Now, average pooling with a kernel of size 4 is different. You need the average of the four values: (1 + 8 + 3 + 9) / 4 = 5.25:

>>> avg_pooled_4 = avg_pool(x, k=4)
>>> avg_pooled_4
tensor([5.2500])

From a DSP point of view, there are a few things to take into account.

When you resample a signal with a specific sampling frequency, aliases (copies) of the signal spectrum centered on multiples of the sampling frequency are generated (can be shown with maths 🪄 )

If your sampling frequency is very high, you're good because your aliases are far from your signal. But for downsampling, your frequency is low and the aliases will overlap with your signal, creating artifacts. The solution is to apply a low-pass filter to make your spectrum narrower and then the aliases won't overlap with your signal.

image

To apply a low-pass filter in Fourier space we can multiply the spectrum F(k) of our image f(x) by a step function S(k). That should remove high frequencies, i.e. blur the image (from an old coursework exercise):

image

But a multiplication F(k) × S(k) in Fourier space is mathematically equivalent to a convolution f(x) * s(x) in image space. The inverse Fourier transform is a sinc function.

image

So we could convolve our image with a sinc function for resampling, which is nice but expensive. That's Lanzcos interpolation.
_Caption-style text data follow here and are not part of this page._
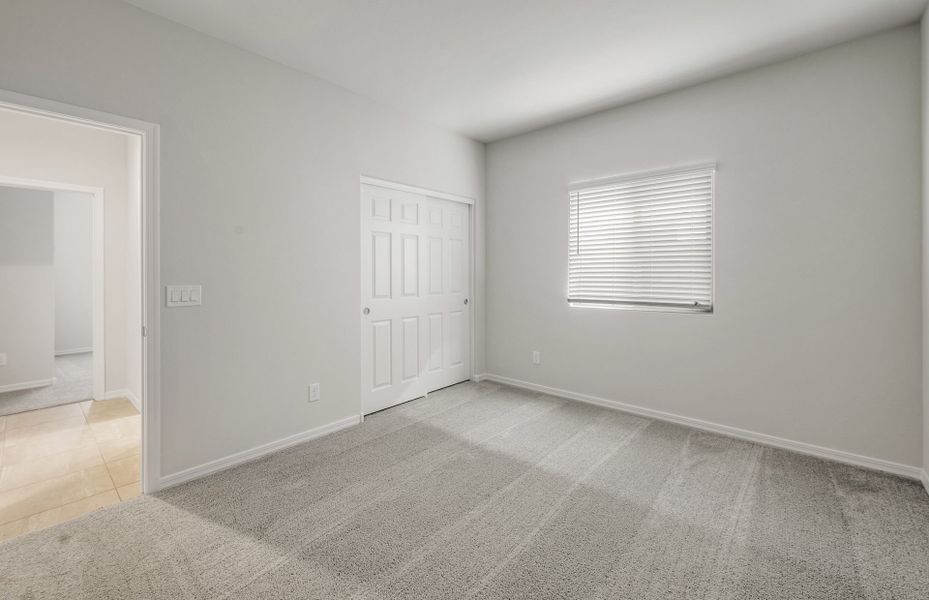 Spacious, unfurnished interior of a new home in El Cidro, Goodyear (Image 18).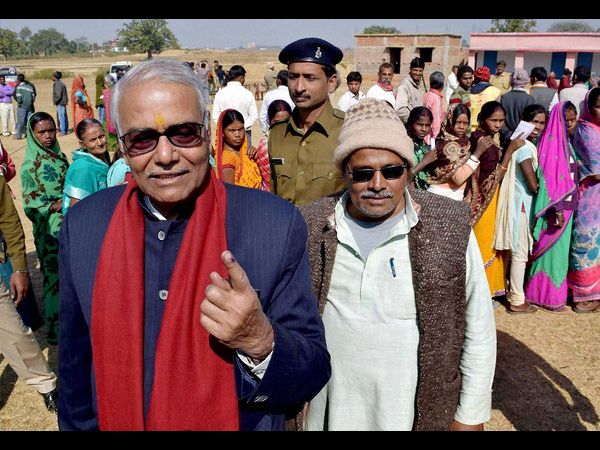 పోలింగ్ కేంద్రాల వద్ద క్యూలో ఓటర్లు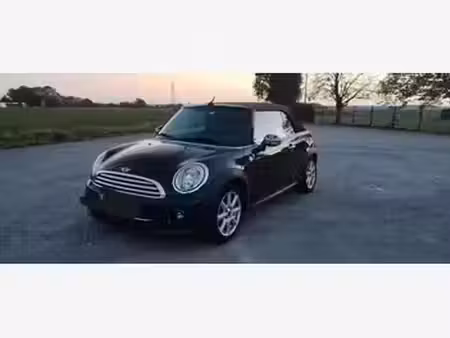 Mini Cabrio Cooper 1.6 122 Red Hot Chili
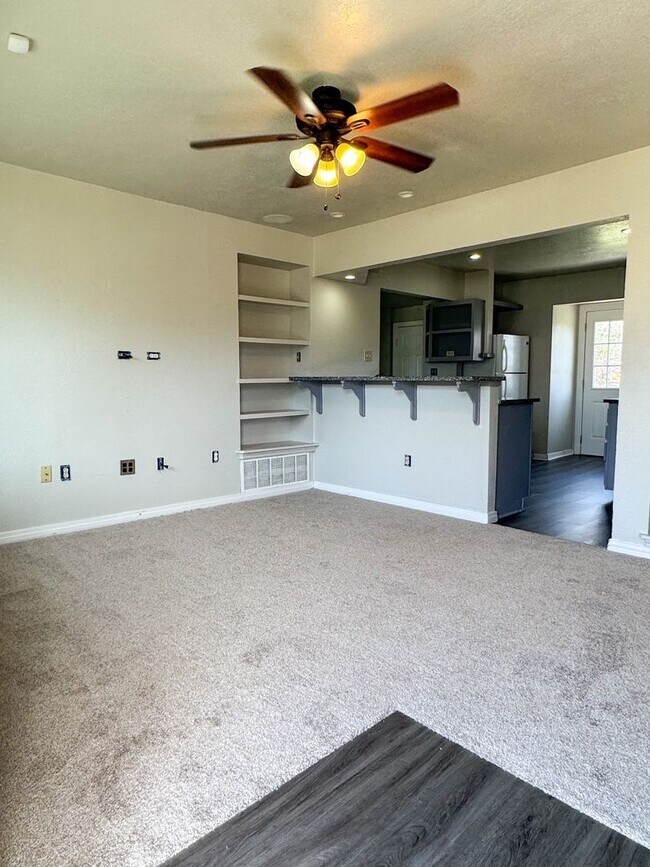 Building Photo - Cute, remodeled home in Central Killeen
Instead of a fancy sinc function with a wide support, we could use a more boring approximation with a small kernel. How about approximating the sinc with something that looks like a rectangle and convolve that? But wait, that's exactly what we did above!

1   8   3   9
_____
  ?       ?


1   8   3   9
        _____
  ?       ?

Interestingly, the Fourier transform of a step function is a sinc. If we multiply the spectrum by a sinc, the low-pass filter is not very nice but still does something reasonable. So both 1) resampling with linear interpolation and 2) average pooling are not terrible choices for downsampling! But using large downsampling factors means low sampling frequencies and therefore aliases that will overlap a lot with our image unless we perform aggressive low-pass filtering. Average pooling with a kernel of size 8 works better than resampling by a factor of 8 because the kernel of average pooling (8) is larger than the one used for linear interpolation (2). A larger (flat) kernel in image space means a narrower sinc in Fourier space, meaning a more aggressive low-pass filter and therefore aliasing is reduced.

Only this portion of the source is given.